Crude oil prices have been soaring recently with the commodity hitting its highest levels in last two years in first week of March 2021. This is likely making some equity trading participants think about the ability of local stocks to extend the recent rally. In India, soaring crude oil futures tend to trigger plenty of frenzy regarding fuel prices and inflationary trends given that the country imports a large chunk of oil to meet consumption. Rising crude oil also leads to soaring petrol and diesel prices and are generally supposed to lead to elevated price levels across the board. However, when it comes to stock market trading, do soaring crude oil prices tend to overwhelm equities as it is thought? Let us try to find out.
The broad price action in Nifty and Crude oil over last decade indicates that there is a positive correlation between the local share markets and crude oil prices. This is an interesting observation though as it falls in sync with the reality that the emerging market equities are being treated as an asset class by global investors which is directly linked to the world economic growth trends. If global economy is doing well, emerging financial markets will certainly do well and as a leading emerging economy, Indian stocks will tend to outperform.
Another critical factor at play here is the performance of oil and gas companies share prices. The Nifty Energy index which includes companies belonging to Petroleum, Gas and Power sectors has rallied around 55% over last one year, slightly outperforming the benchmark NIFTY 50 index which has returned around 43% during the same period. The Index comprises of 10 companies listed on National Stock Exchange of India (NSE). This outperformance shows that rising crude oil prices and the corresponding surge in domestic fuel prices have not weighed on stock prices of energy companies in India. Given that these are prominent commodity stocks in India, exuberance in their share prices generally augurs well for broad stock market trends.

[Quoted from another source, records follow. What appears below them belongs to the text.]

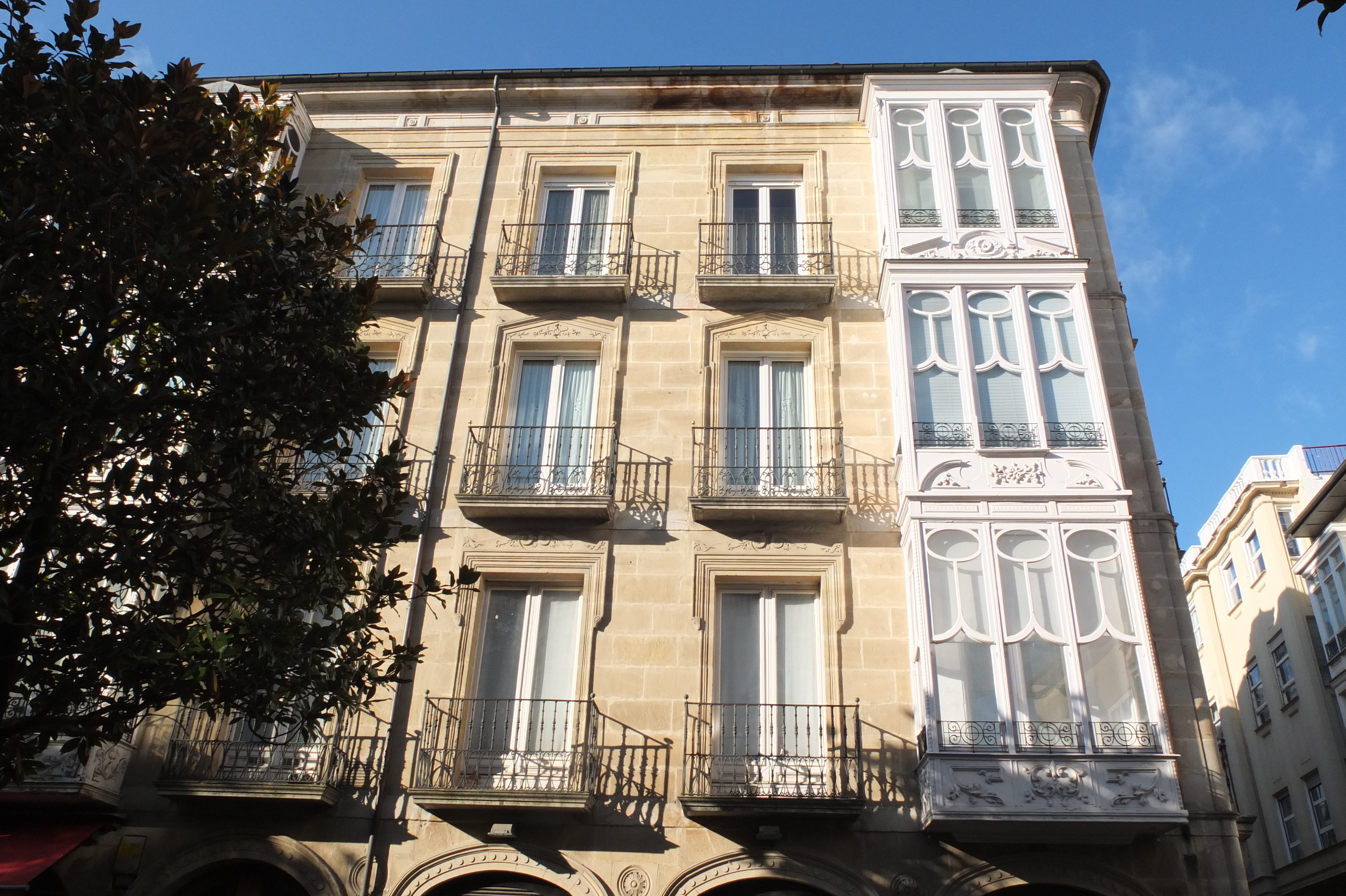 รูปถ่าย สเปน(Spain) บิโตเรีย-กัสเตซ(Vitoria Gasteiz) 2013-01 12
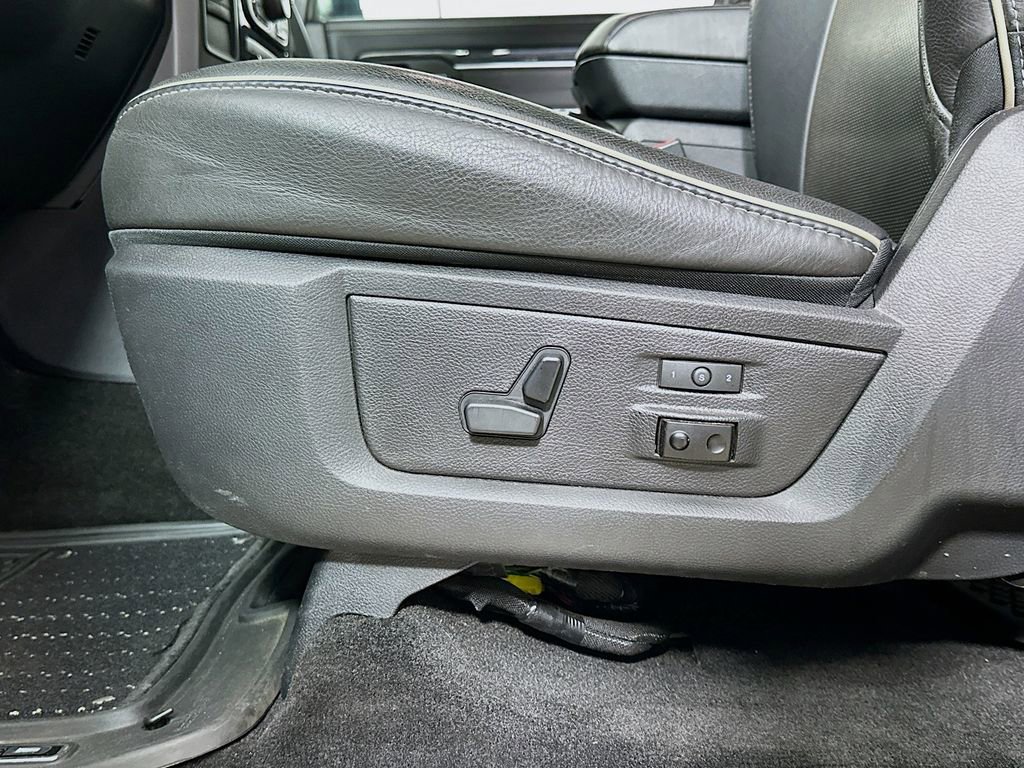 Used 2016 RAM 2500 Limited AWD/4WD image 23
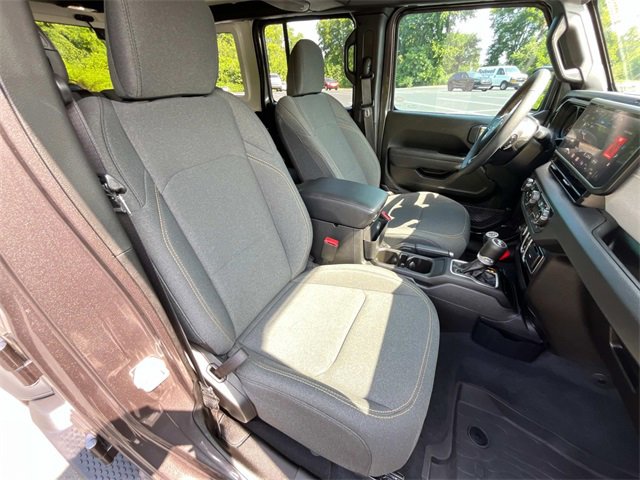 Used 2024 Jeep Wrangler Sport S image 26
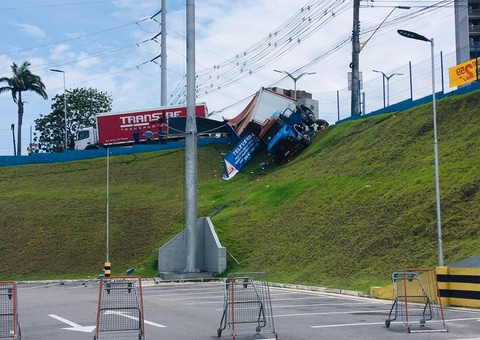 Carreta fica pendurada em barranco após invadir terreno do Assaí em Manaus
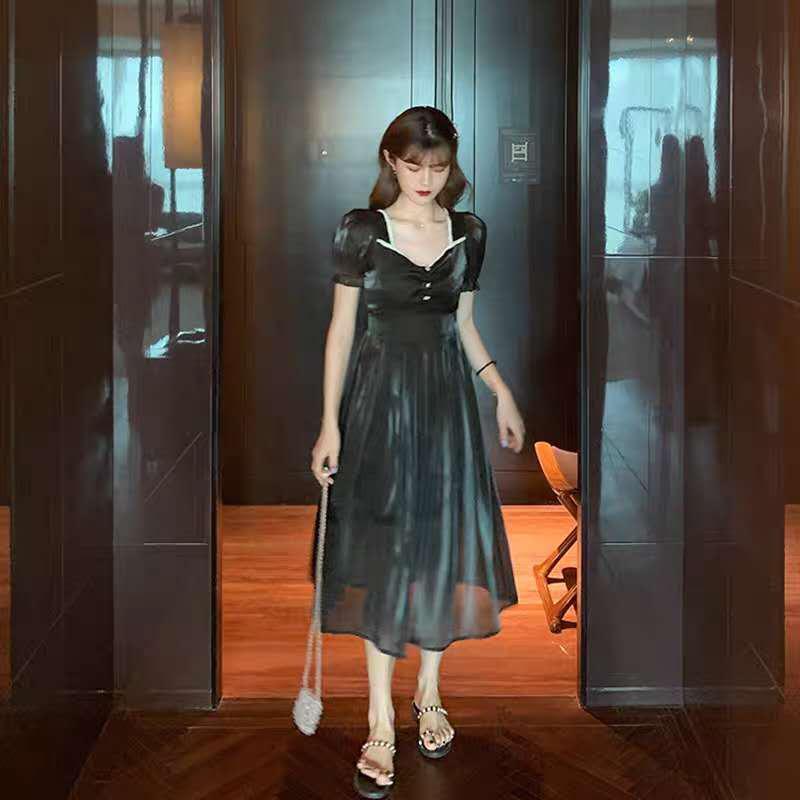 闪闪发光的复古公主裙满满宫廷风，秋冬季节必备单品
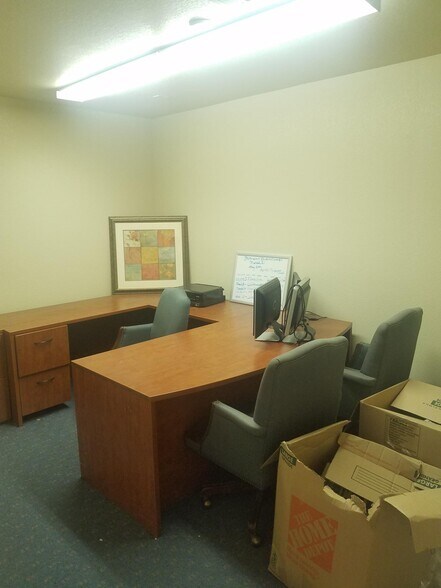 More Photos Of 2008 Hamilton Ln, Las Vegas Office For Sale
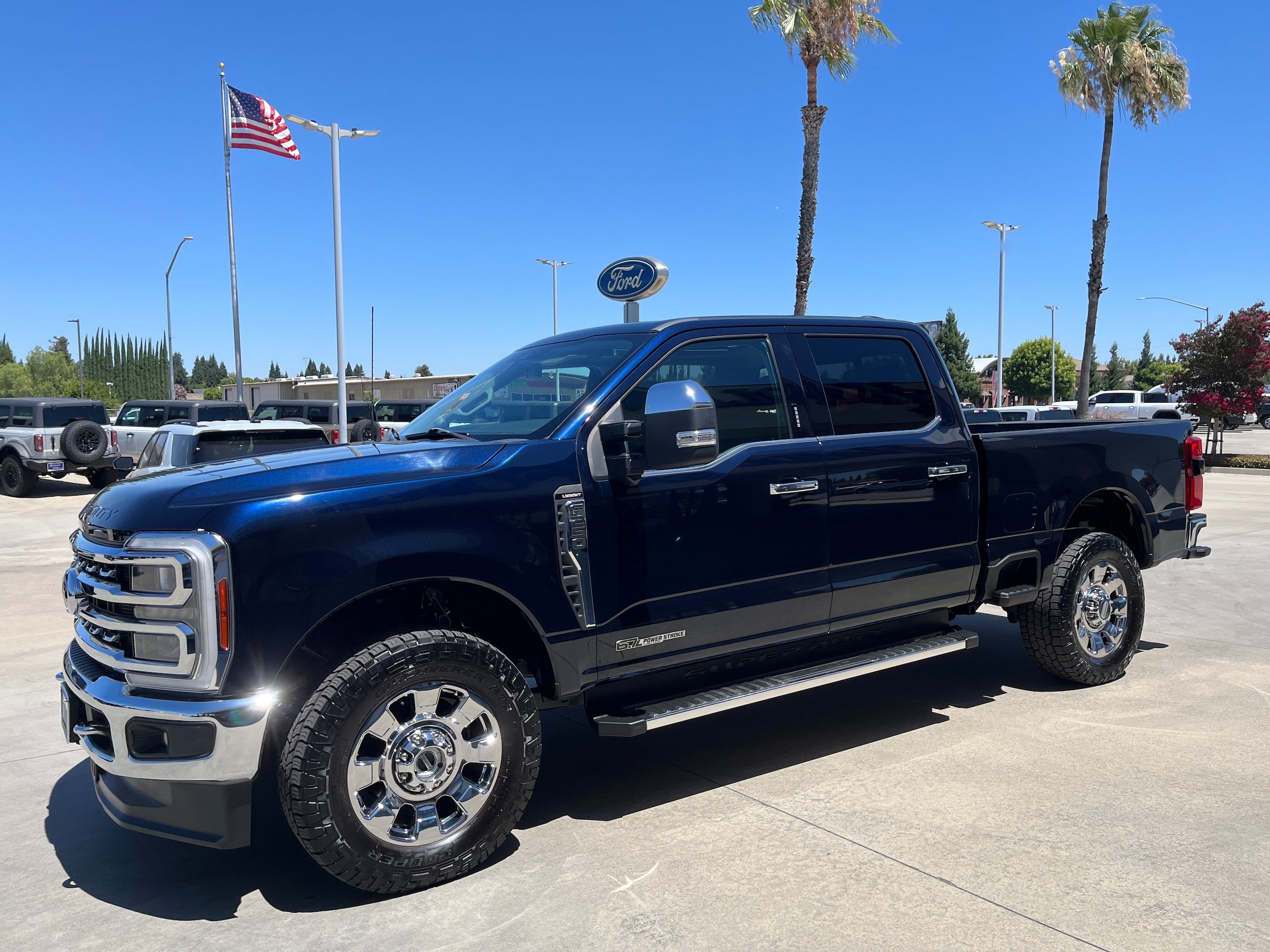 Certified 2023 Ford F250 4x4 Crew Cab Super Duty image 2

The record high fuel prices could, over a long term, impact the broad trends in equity market trading as elevated inflationary readings push up the interest rates and lead to lower disposable incomes in general. However, given the current environment, the consumer confidence is turning higher and the economy has just moved out of recession. The RBI has noted that economic activity is gaining steam as COVID-19 incidence recedes and the ongoing vaccine rollout releases pent-up optimism. Most stock market advisory services are also indicating good potential for local stocks over coming period.
Conclusion:
While the general undertone in crude oil prices is supportive, the medium term scenario may continue to see oil witnessing some resistance at higher levels. The Reserve Bank Of India has noted in a latest update that crude oil prices may remain supported by demand build up on optimism from vaccination and continuing production cuts by OPEC plus. CPI inflation excluding food and fuel remained elevated at 5.5% in December, due to inflationary impact of rising crude oil prices and high indirect tax rates on petrol and diesel, and pick-up in inflation of key goods and services, particularly in transport and health categories. However, the crude oil futures curve has become downward sloping since December 2020, the central bank stated.
Globally, oil prices have rallied by intensely after witnessing a plunge into negative territory last year. With soaring prices the increasing output response from US oil producers may cap upside in oil from hereon. The US Energy Information Administration or EIA, in its Short-Term Energy Outlook stated that rising oil prices reflect expectations of rising oil demand as both COVID-19 vaccination rates and global economic activity have increased, combined with ongoing petroleum supply limitations by the Organization of the Petroleum Exporting Countries (OPEC) and partner countries (OPEC+).
However, EIA continues to expect downward crude oil price pressures will emerge in the coming months as the oil market becomes more balanced. EIA’s forecast of declining crude oil prices and a more balanced oil market reflect global oil supply surpassing oil demand during the second half of 2021. Overall, given the fact that the Nifty 50 index has gone up by around 40% over last five months despite a 70% surge in crude oil prices in the same period indicates the resilience in local sentiments. A rangebound oil price movement from hereon will continue to augur well for the equity investors in India.